Horror Movies Aren't Doomed, And Everyone Saying So Is Just An Idiot

For horror fans, October is sacred. Commonfolk wear costumes, visit haunted attractions, and celebrate all things festively creepy en masse. Television channels, streaming platforms, and theaters dedicate overwhelming program blocks of Halloween favorites. Horror is en vogue, but with that attention comes the invariable onslaught of taste-maker trades showing their whole-ass behinds. Those who treat horror as unworthy for 11 other calendar months suddenly have opinions about horror's "resurgence," "death," or incoming "fatigue." It's a clockwork tradition that riles internet hordes — with good reason.
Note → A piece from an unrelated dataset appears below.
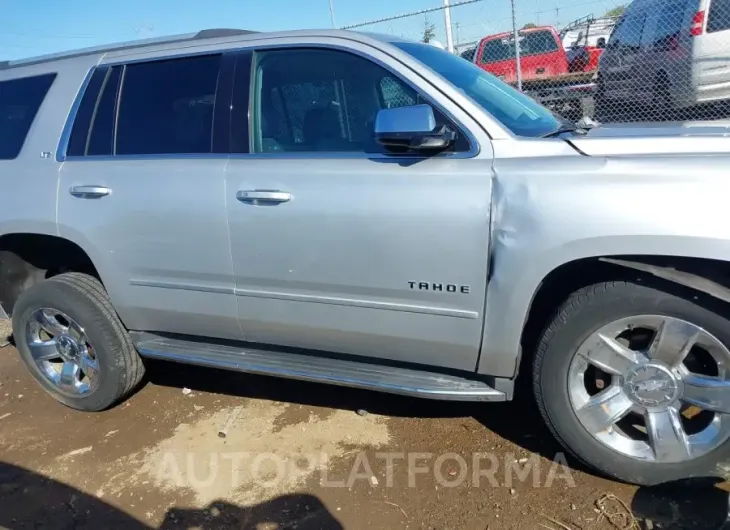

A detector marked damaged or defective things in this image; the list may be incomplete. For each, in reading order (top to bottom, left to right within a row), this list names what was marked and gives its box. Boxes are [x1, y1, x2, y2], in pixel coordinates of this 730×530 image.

dented quarter panel [474, 151, 730, 378]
This year, two specific articles dominated genre discussions despite their wildly unsubstantiated and data-ignorant claims. The Hollywood Reporter warned that studio executives are worried about "Horror Fatigue," while Vulture opted for the headline "Horror Movies Are Just Trying To Survive." I hate the phrase "Horror Fatigue"; it's a made-up phenomenon that's been disproven year after year. Yet, sites like THR and Vulture approach horror-centric journalism with a goldfish's attention span.

"[Horror Fatigue] is a preposterous notion because you're talking bout a whole genre," says multi-hyphenate Michael Varrati. "We don't hear anybody refer to any other genre in this way," he elaborates. "There's no such thing as drama fatigue or romance fatigue because a discerning audience understands that's a tentpole descriptor for something multifaceted that fills many roles." Varrati's experience as an analyst and creator puts him in a unique position to observe how horror continues to thrive behind the camera, journalistically, and everywhere else. "As long as audiences want to engage with stories, they will want to engage with all kinds of stories."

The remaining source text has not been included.